This was never supposed to save money, it was to bring the EU closer together
and make borders disappear further.

Business travelers had fees paid by their employer anyway, not that much
changed for them.

------
Markoff
this is all nice and dandy but it's still only half job, since this doesn't
mean there are no charges for international calls

so yes receiving calls or using internet will be same as home, you still have
to watch what number you are calling, if it's from country of your carrier or
different

please correct me if I am wrong

EDIT: so I was right, now it's even more insane than before:

For example: If you have a Belgian card and you travel to France and call
either a hotel in France, back home to Belgium, or to any other country in the
EU and the EEA, you are roaming (refer to legal text on the regulation on
roaming) , and you will pay Belgian internal domestic prices (refer to legal
text).

However, if a Belgian SIM card holder calls from Belgium to Spain, she/he will
pay the international tariff. Calls from home to another EU country are not
roaming and are not regulated.

source: [https://ec.europa.eu/digital-single-
market/en/faq/frequently...](https://ec.europa.eu/digital-single-
market/en/faq/frequently-asked-questions-roam-home)

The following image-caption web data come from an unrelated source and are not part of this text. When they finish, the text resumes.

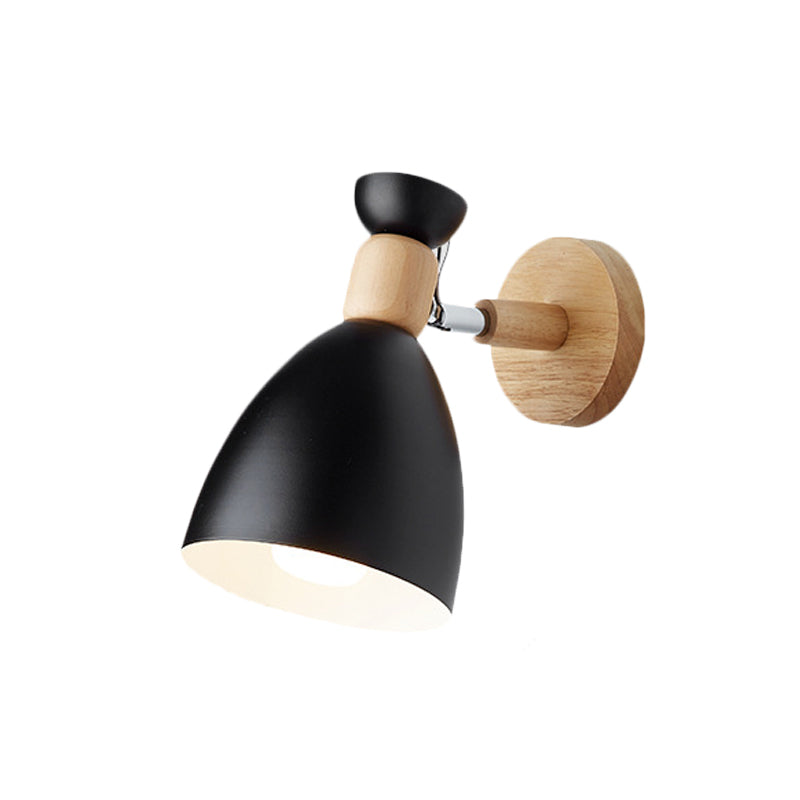 Bear/Bell Rotating Wall Mounted Lamp Macaron Iron 1-Head Bedside Reading Wall Light in White/Pink/Green and Wood | Stornfield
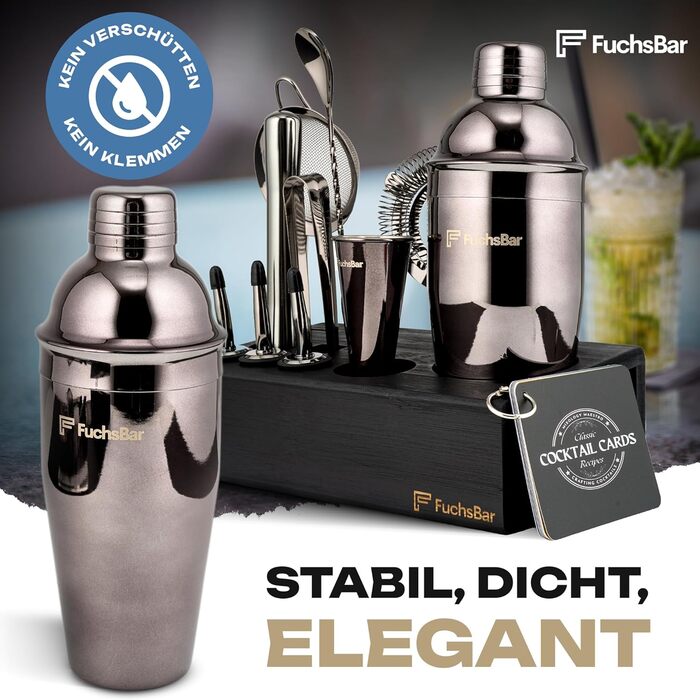 Набір для коктейлів, 8 предметів, нержавіюча сталь, з шейкером, стрейнером, ложкою, рецептами та аксесуарами – ідеальний барний набір для дому, вечірок та як подарунок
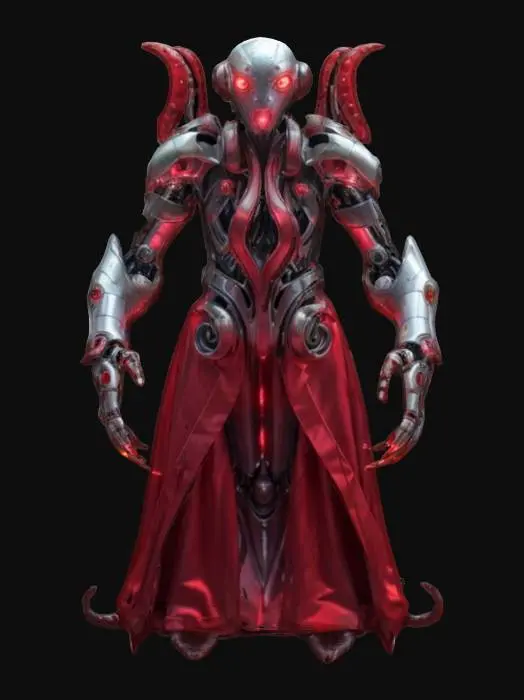 3D model for sci-fi cyber robotic humanoid octopus, massive metal forming the body, elegant robe over the body, limbs with large cyber claws reaching forward, shining eyes, body covered in glowing electronics, extremely details, high resolution texture, epic stance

TLDR: there are no fees for international calls while you are in roaming, but
when you return back home enjoy fees for international calls, using your SIM
in foreign network is cheaper than using it in your own network at home

------
danmaz74
It was about time; it will also help a lot with short-term mobility around the
EU.

------
billpg
Cool, just as Brexit looks to be falling apart under its own incompetence.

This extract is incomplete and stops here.